U.S. natural gas futures slid about 1% to a fresh six-week low on Tuesday on near record output and forecasts for less demand next week than previously expected.
Prices were also held in check on expectations demand would decline next month when the Cove Point liquefied natural gas (LNG) plant in Maryland shuts for a couple weeks of maintenance in October.
U.S. gas use has already been reduced for months by the ongoing outage at the Freeport LNG export plant in Texas which has left more gas in the United States for utilities to inject into stockpiles for next winter.
Freeport, the second-biggest U.S. LNG export plant, was consuming about 2 billion cubic feet per day (bcfd) of gas before it shut on June 8. Freeport LNG expects the facility to return to at least partial service in early to mid-November.
In Puerto Rico, meanwhile, LUMA Energy was slowly restoring electric service after Hurricane Fiona caused an island-wide power outage on Sunday.
Front-month gas futures fell 3.5 cents, or 0.5%, to settle at $7.717 per million British thermal units (mmBtu), their lowest close since Aug. 8 for a third day in a row.
That was also the first time the front-month declined for four consecutive days since December 2021.
In the spot gas market, the premium of the Henry Hub benchmark in Louisiana over the Waha hub in the Permian Shale in Texas rose to $2.71 per mmBtu on Tuesday, its highest since October 2020 as pipeline maintenance limits the amount of gas that can exit the Waha producing basin.
That compares with an average premium of Henry Hub over Waha of $1.30 per mmBtu so far in September, 63 cents so far in 2022, $1.33 in 2021 and a five-year (2016-2020) average of 80 cents.
Despite recent declines, gas futures were still up about 107% so far this year as higher prices in Europe and Asia keep demand for U.S. LNG exports strong.
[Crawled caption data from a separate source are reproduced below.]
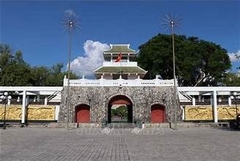 HÀ NỘI - SƠN LA - ĐIỆN BIÊN 3 NGÀY 2 ĐÊM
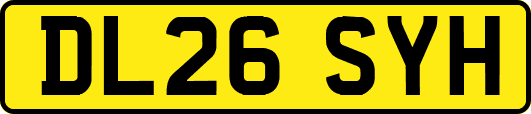 DL26SYH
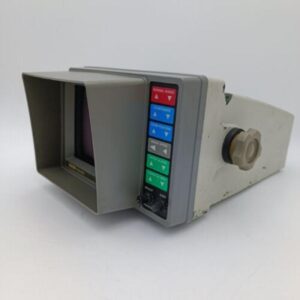 KODEN CVS-103 Echo Sounder Display Unit 10313466 Sonar Depth Sounder CVS 103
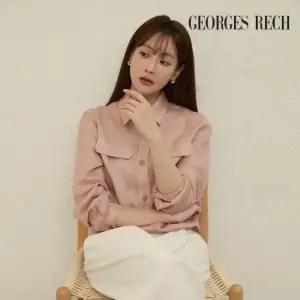 26SS 프렌치린넨100 셔츠 자켓 2종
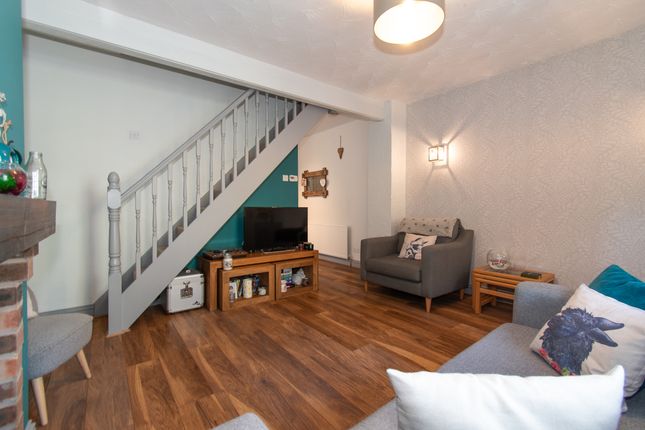 3 Reeve Street, Warrington photo 3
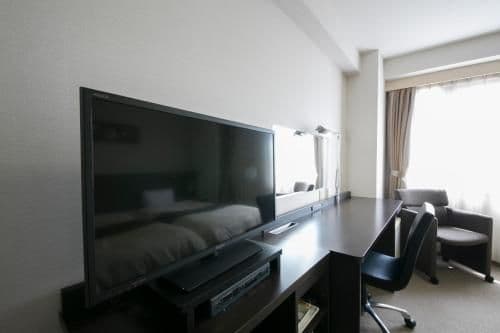 Economy Twin Room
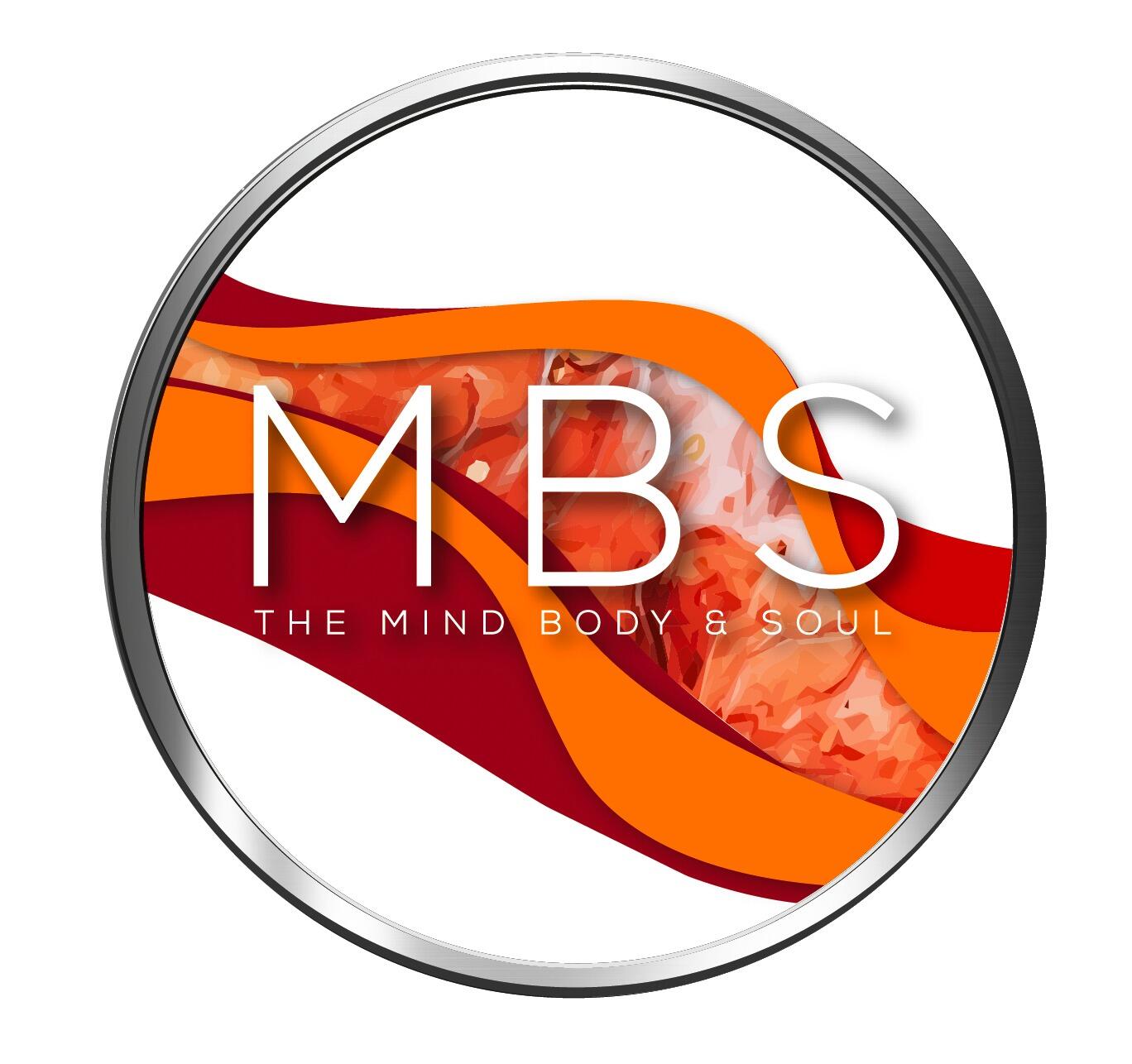 MBS - Mind Body Soul Pilates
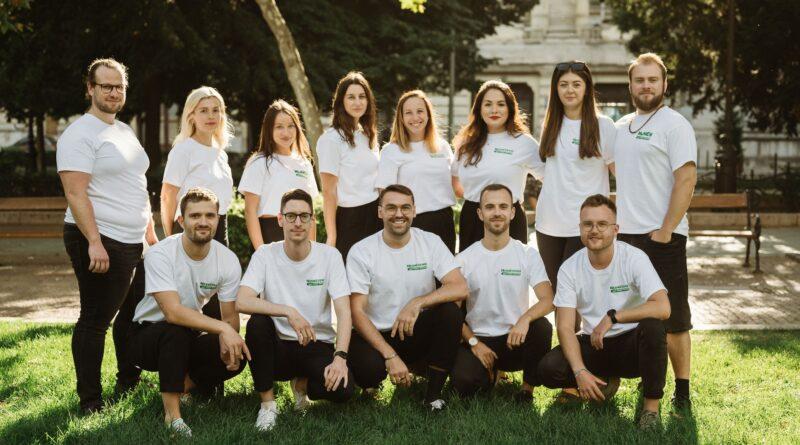 Platforma Nesnězeno.cz už je ve Zlínském kraji 1 Nesnezeno Team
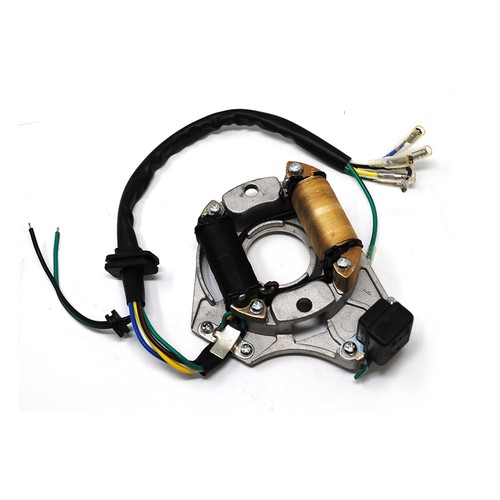 Stator bobines mini quad - stator,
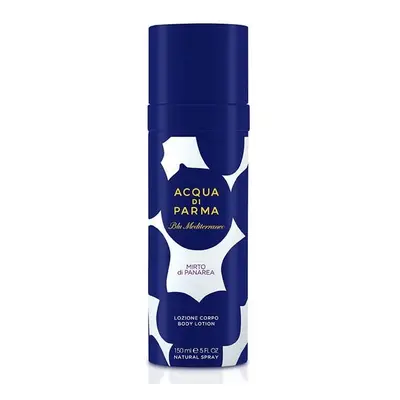 Acqua di Parma Blue Mediterraneo Mirto Di Panarea - tělové mléko 150 ml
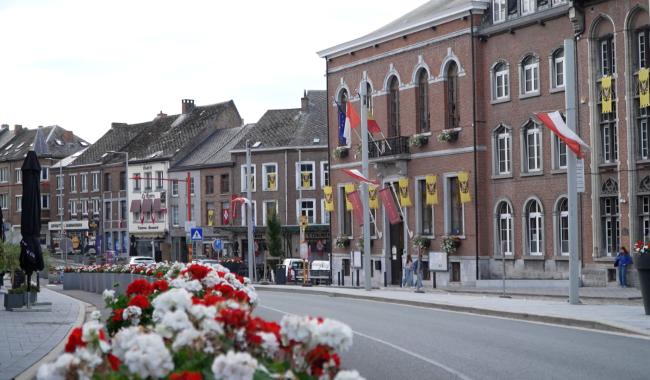 Beaumont: Plongée dans les derniers préparatifs de la Charles Quint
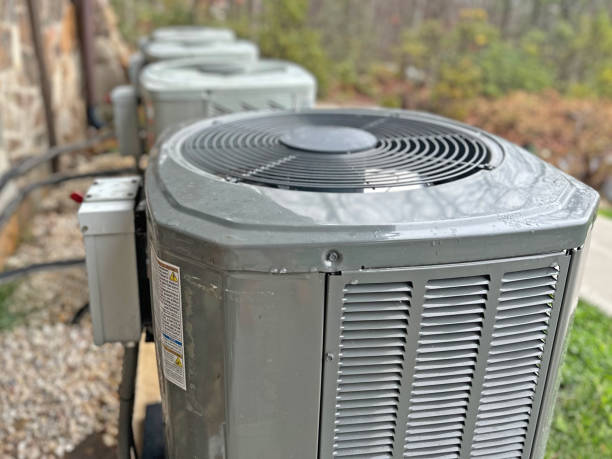 Best Residential HVAC in Moodys, OK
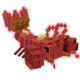 Lobster Thermidor icon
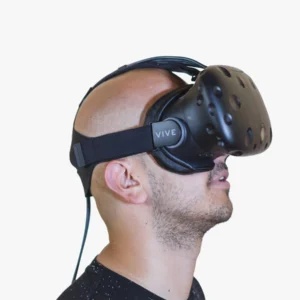 Advanced All-In-One VR Headset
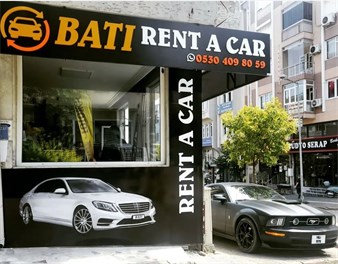 marmara ereğlisi rent a car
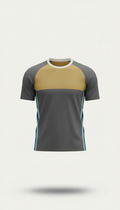 Moisture-Wicking Performance Tee
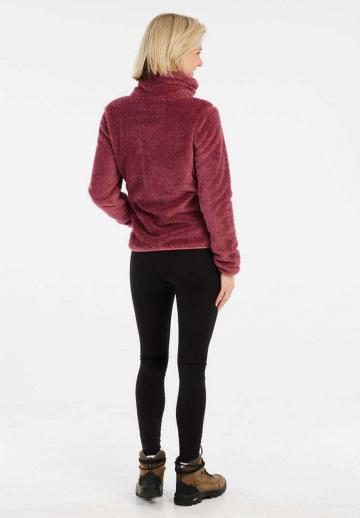 Флисовая куртка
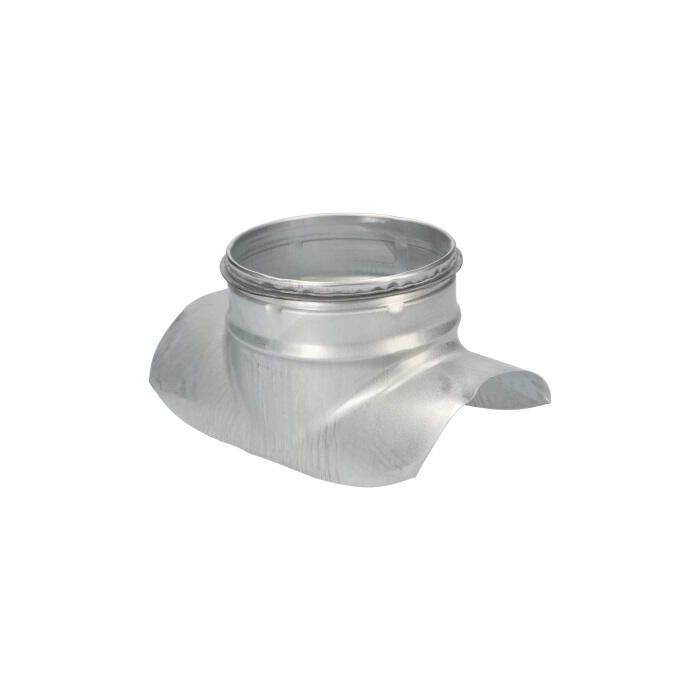 Zadelstuk spirobuis Ø200mm | Buis Ø560-630mm | Safe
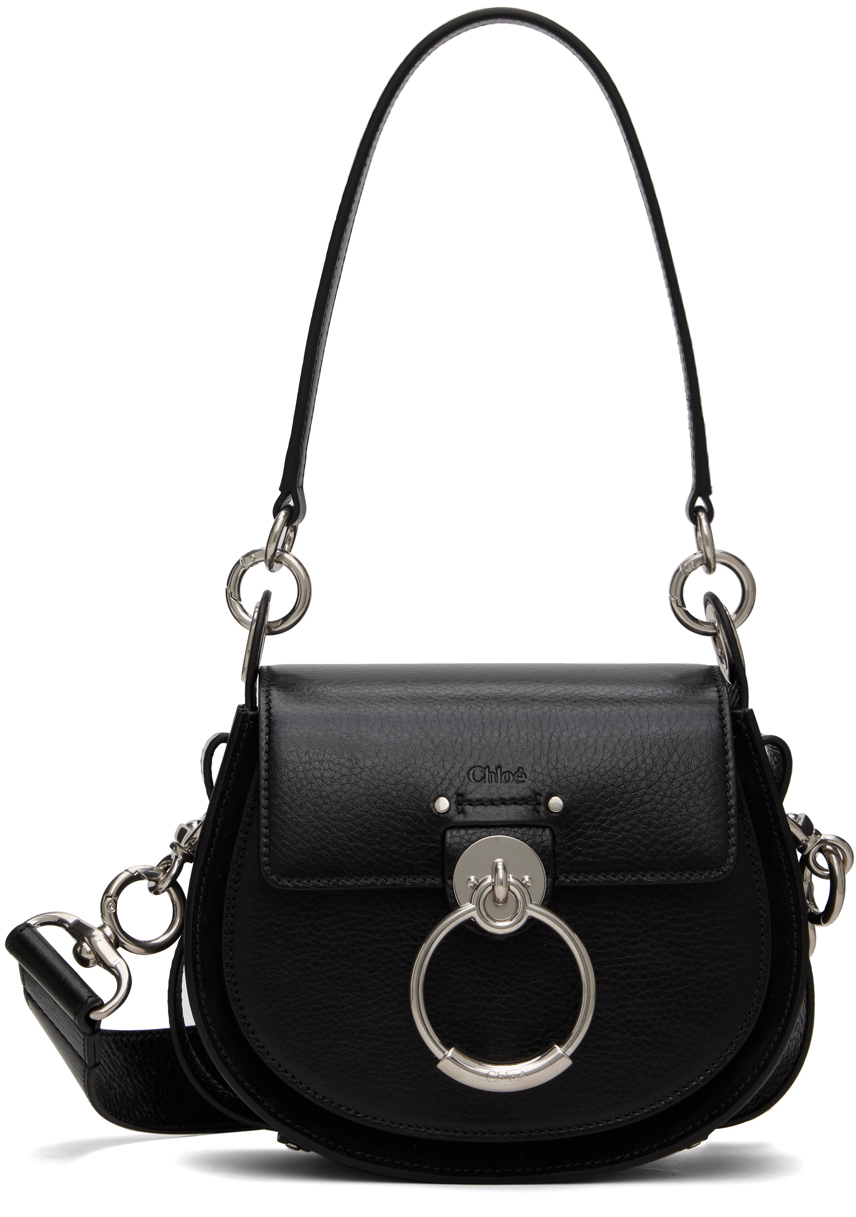 Маленькая сумка Тесс Chloe, Черный, Маленькая сумка Тесс Chloe
Маленькая сумка Тесс Chloe, Черный, Маленькая сумка Тесс Chloe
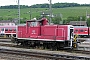 MaK 600457 - Railion "365 142-9"
25.06.2005 - Würzburg, Hauptbahnhof
Ralph Mildner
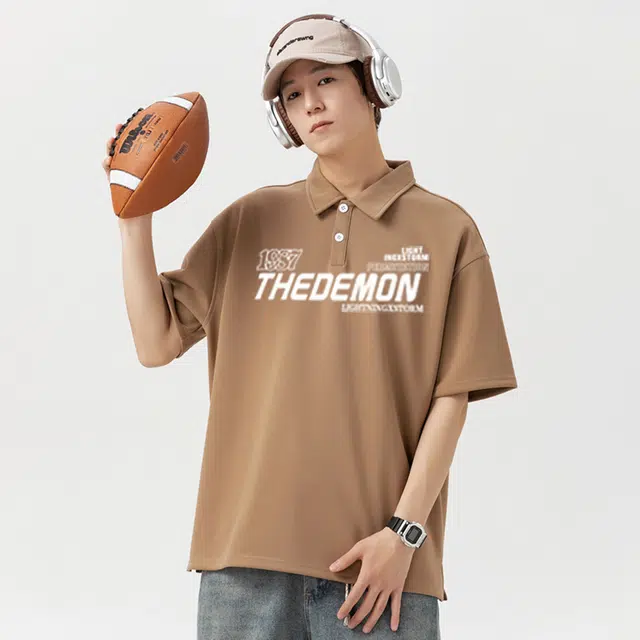 Lightning X Storm TPolo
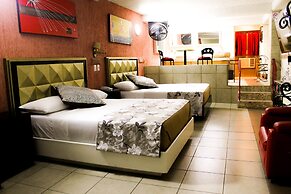 Azul Turquesa Hotel Boutique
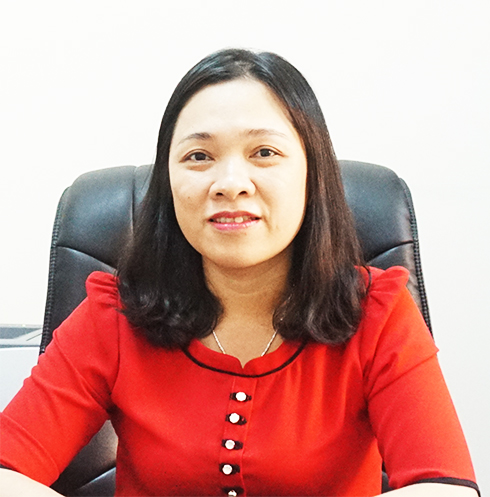 Từ ngày 1 đến 8-3, tổ chức 2 lớp bồi dưỡng cán bộ lãnh đạo, quản lý và dự nguồn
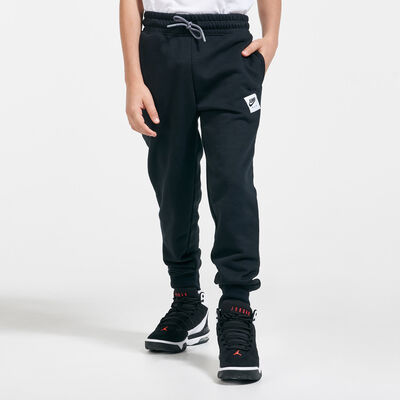Jordan Kids' Jumpman Sweatpants (Older Kids) Black Jordan Kids' Jumpman Sweatpants (Older Kids) Black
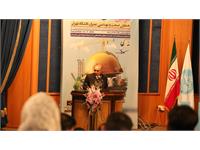 گزارش تصویری همایش دانشگاه تهران 6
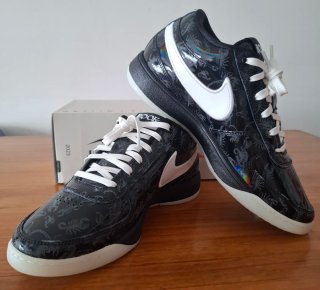 Nike Book 1 Halloween Zapatillas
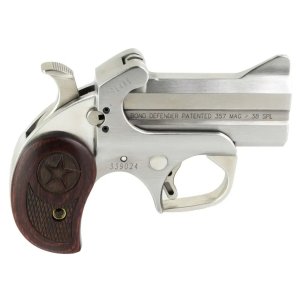Bond Arms Texas Defender 357/38 BATD357MAG
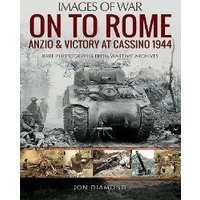 On to Rome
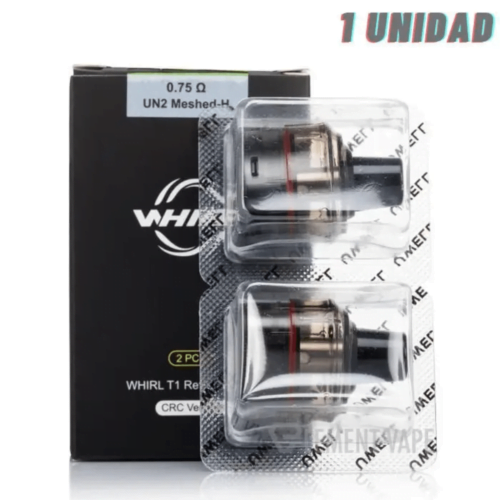 UWELL WHIRL T1 PodCoil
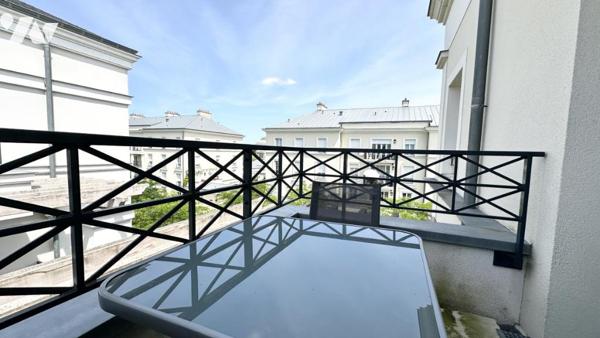 À Vendre : Appartement 3 Pièces - Proche Disney et La Vallée Village - Serris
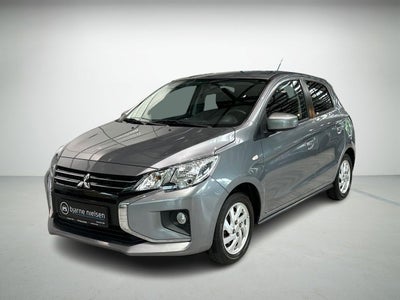 Mitsubishi Space Star Cosmic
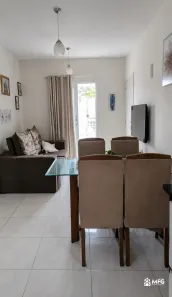 Apartamento com 2 Quartos à venda, 56m² no Vila Odim Antão, Sorocaba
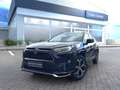 Toyota RAV 4 Plug-in Hybrid ALLRAD *LED, NAVI, AHK, JBL SOUND Blau - thumbnail 1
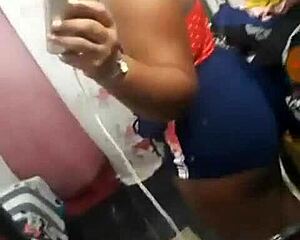 morena dancing part one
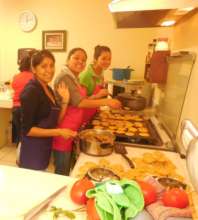 Cooking Class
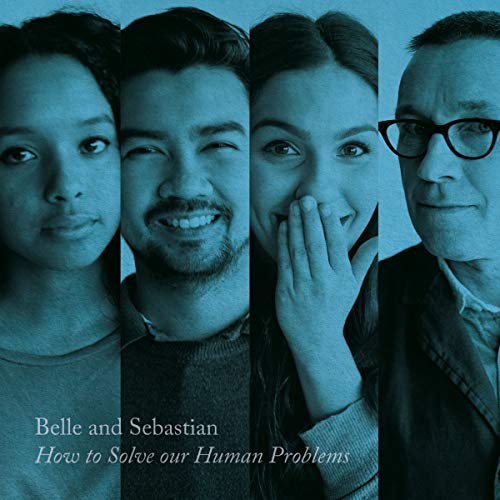 How To Solve Our Human Problem (Mix)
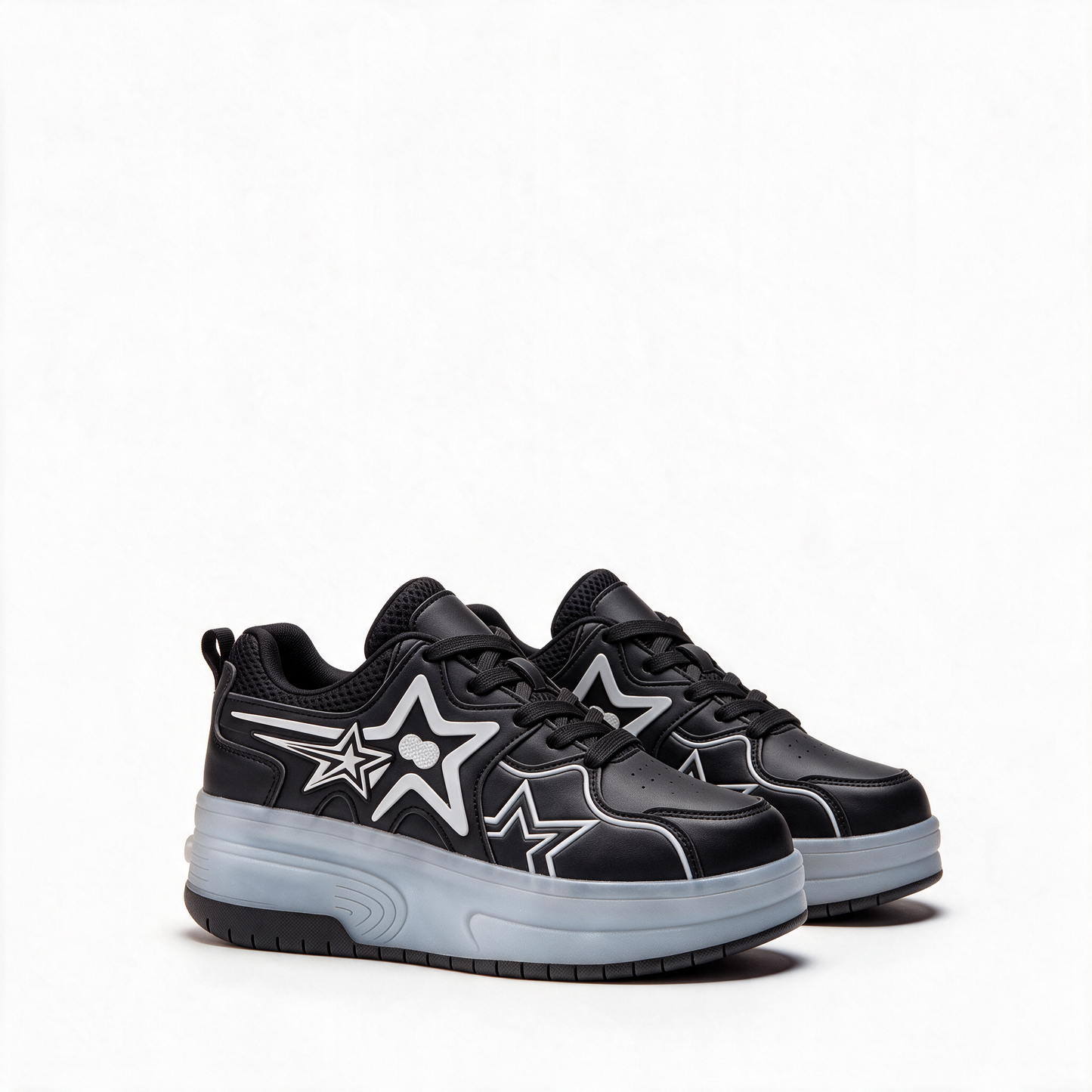 Quick silver Arc Runners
Global gas prices have soared due to supply disruptions and sanctions linked to Russia’s Feb. 24 invasion of Ukraine.
Gas was trading around $56 per mmBtu in Europe and $43 in Asia. That was a 9% increase in European prices.
Russian gas exports via the three main lines into Germany – Nord Stream 1 (Russia-Germany), Yamal (Russia-Belarus-Poland-Germany) and the Russia-Ukraine-Slovakia-Czech Republic-Germany route – have averaged just 1.3 bcfd so far in September, down from 2.5 bcfd in August and 10.8 bcfd in September 2021.
U.S. gas futures lag far behind global prices because the United States is the world’s top producer with all the fuel it needs for domestic use, while capacity constraints and the Freeport outage prevent the country from exporting more LNG.
Data provider Refinitiv said average gas output in the U.S. Lower 48 states rose to 98.9 bcfd so far in September from a record 98.0 bcfd in August.
With the coming of cooler autumn weather, Refinitiv projected average U.S. gas demand, including exports, would slip from 91.6 bcfd this week to 90.1 bcfd next week. The forecast for next week was a little lower than Refinitiv’s outlook on Monday.
The average amount of gas flowing to U.S. LNG export plants rose to 11.3 bcfd so far in September from 11.0 bcfd in August. That compares with a monthly record of 12.9 bcfd in March. The seven big U.S. export plants can turn about 13.8 bcfd of gas into LNG.